``And once the storm is over you won't remember how you made it through, how you managed to survive. You won't even be sure, in fact, whether the storm is really over. But one thing is certain. When you come out of the storm you won't be the same person who walked in. That's what this storm's all about.''
-Haruki Murakami
----------------------------------------------
The lab is excited to announce opportunities for masters and undergraduate research credits. Please see the open positions page for details.
----------------------------------------------
From left: Patrick Kreitzberg, Oliver Serang, Kyle Lucke, Jake Pennington
Congratulations to Kyle Lucke for the publication for his first first-author paper (Lucke, Pennington, Kreitzberg, Käll, and Serang) on the topic of layer-ordered heaps as a faster alternative to sorting hypotheses when performing non-parametric statistical tests!

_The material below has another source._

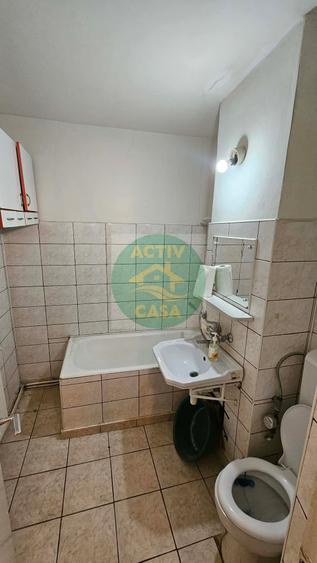 Apartament cu 4 camere decomandat în Central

----------------------------------------------
Members hiked in the mountains above Potomac,
MT. Afterward, they played Kubb (Viking
chess).
STAGE | MATCH | WINNER |
---|---|---|
SEMIFINAL | PATRICK+ANNIKA vs ROOSTER+KYLE | ROOSTER+KYLE |
FINAL | ROOSTER vs KYLE | ROOSTER |
GEWINNER: Jake (Rooster) Pennington won in a final closely contested with Kyle Lucke. Oliver's participation drew scrutiny after he'd awarded himself Hero of the Soviet Union an ambitious fourth time.
----------------------------------------------
is the world's fastest isotope engine. (Also, since we are, as of now, alone in the universe, it is also the fastest isotope engine in the universe [braggable].)
Built with newly developed layer-ordered heap theory for selection on Cartesian products, NeutronStar generates the top million peaks of complicated compounds with many isotope states per in element less than a second.
Read the Analytical Chemistry publication, Kreitzberg, Pennington, Lucke, and Serang.
Check out the software here.
----------------------------------------------
HUCKLEBERRY PICKING & LAB PICNIC (FINAL STANDINGS):
COMPETITOR | COLD WATER ENDURANCE | MOST HUCKLEBERRIES | LARGEST HUCKLEBERRY | SUM |
---|---|---|---|---|
PATRICK | 3 | 1 | 4 | 8 |
KYLE | 3 | 4 | 3 | 7 |
ROOSTER | 1 | 2 | 1 | 4 |
ANNIKA | 2 | 3 | 2 | 7 |
GEWINNER: Jake (Rooster) Pennington took first prize. Oliver's performance was disqualified after he tested positive for rooibos tea.
----------------------------------------------
Kyle Lucke's work on cardinal Bayesian models for protein inference was a finalist for the best of the University of Montana's GradCon 2020!
----------------------------------------------
Using the newly invented layer-ordered heap, the lab recently created a new optimal method for selecting the top values from the Cartesian product (or sum) $$X+Y.$$ This means, given two lists $$X,Y,$$ it finds the smallest k terms of the form $$X_i+Y_j.$$ If the lists are length n, it finds these smallest k values in $$O(n+k).$$ This approach is simple and performs well in practice. Read the preprint here.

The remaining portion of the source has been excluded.